[Requirement] Return each entry below word for word, leaving out any image.

[Records to process]

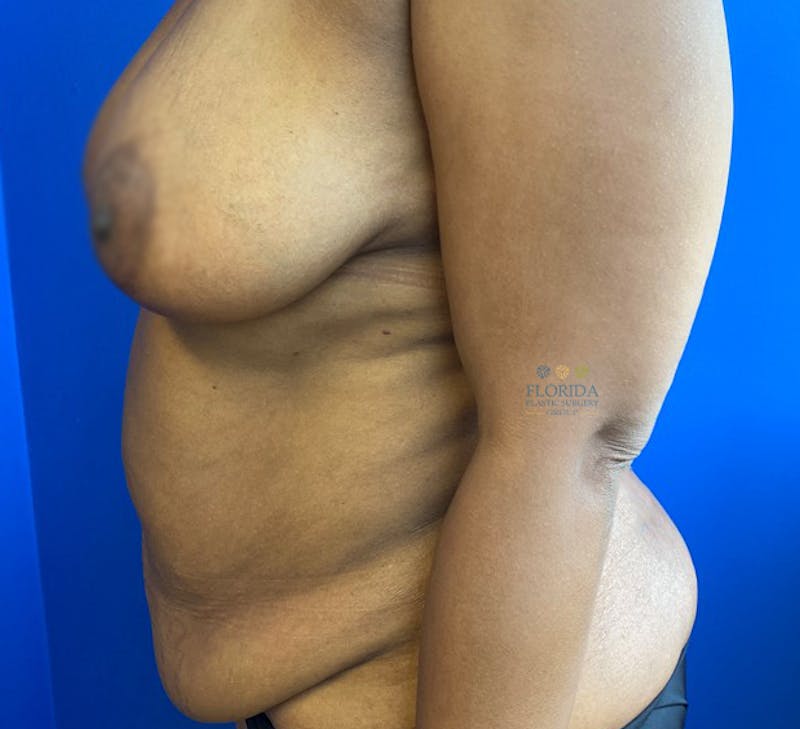 Abdominoplasty Before & After Gallery - Patient 154948929 - Image 5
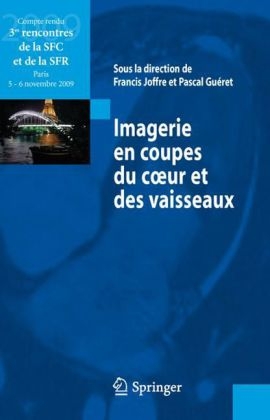 Imagerie En Coupes Du Coeur Et Des Vaisseaux - 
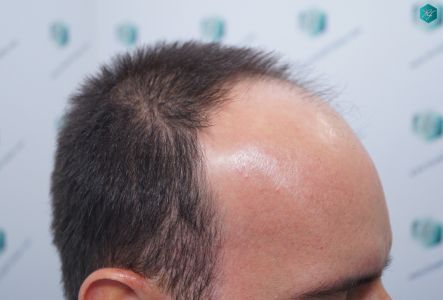 Injerto Capilar Técnica FUE Grafts 3223 (9295 Pelos) 3 ANTES DEL TRASPLANTE CAPILAR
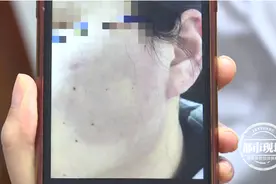 长时间戴口罩上班，长痘怎么办？一个小窍门避免捂出“口罩痘”图片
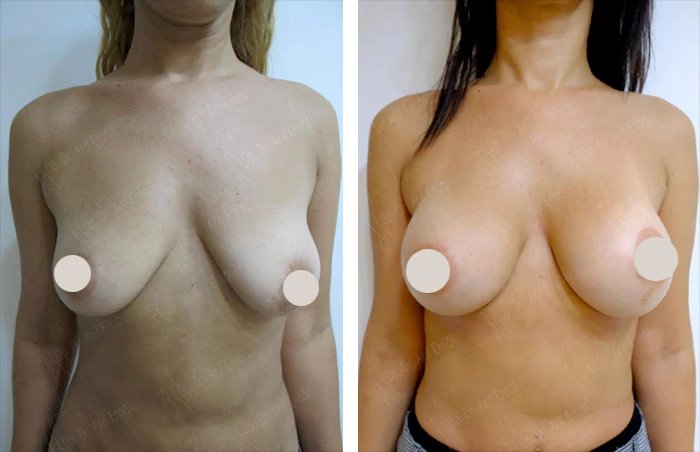 before & after photo of Liposuction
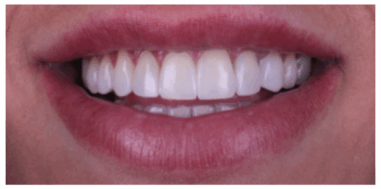 After - Heralds Way Dental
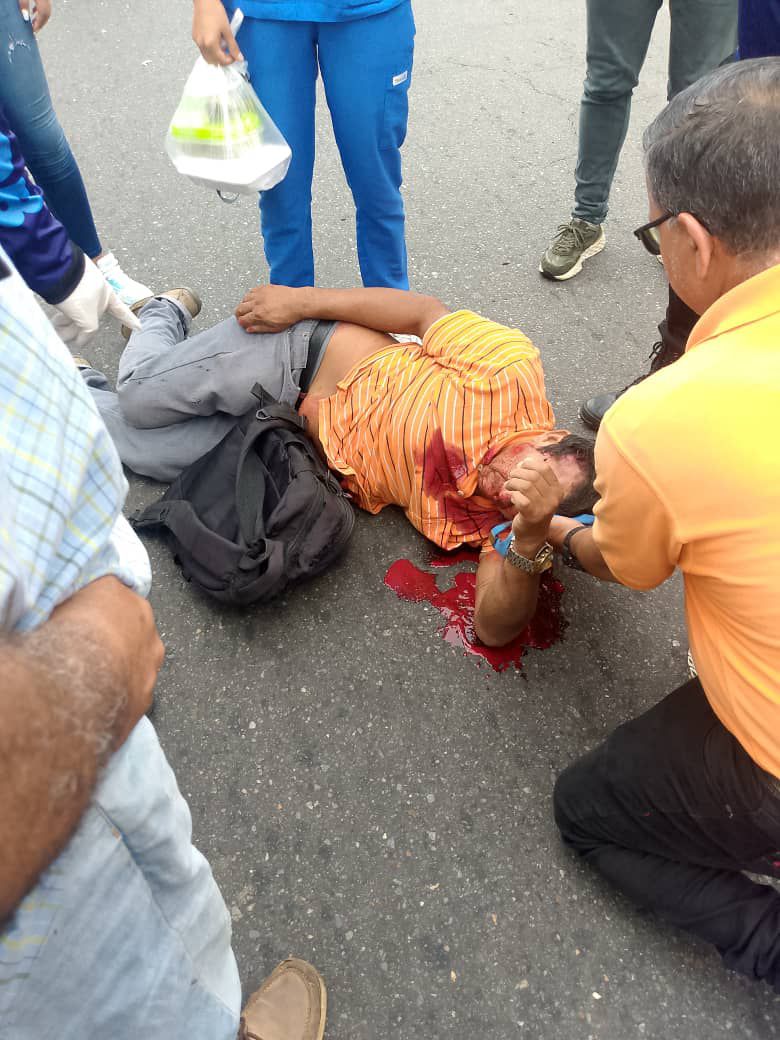 Birrilly's tweet image. (((ACCIDENTE))) #Bolivar #Motorizado arrolló a un apersona a la altura del #Semaforo del #CentroComercial #Narayan #CiudadAltavista #PuertoOrdaz, los dos están heridos fueron atendidos y trasladados a un centro de salud @ReporteYa @albertoprato02 @traficovv @PableOstos @eldiario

[Answer to this task]
 Abdominoplasty Before & After Gallery - Patient 154948929 - Image 5
 Imagerie En Coupes Du Coeur Et Des Vaisseaux - 
 Injerto Capilar Técnica FUE Grafts 3223 (9295 Pelos) 3 ANTES DEL TRASPLANTE CAPILAR
 长时间戴口罩上班，长痘怎么办？一个小窍门避免捂出“口罩痘”图片
 before & after photo of Liposuction
 After - Heralds Way Dental
 Birrilly's tweet image. (((ACCIDENTE))) #Bolivar #Motorizado arrolló a un apersona a la altura del #Semaforo del #CentroComercial #Narayan #CiudadAltavista #PuertoOrdaz, los dos están heridos fueron atendidos y trasladados a un centro de salud @ReporteYa @albertoprato02 @traficovv @PableOstos @eldiario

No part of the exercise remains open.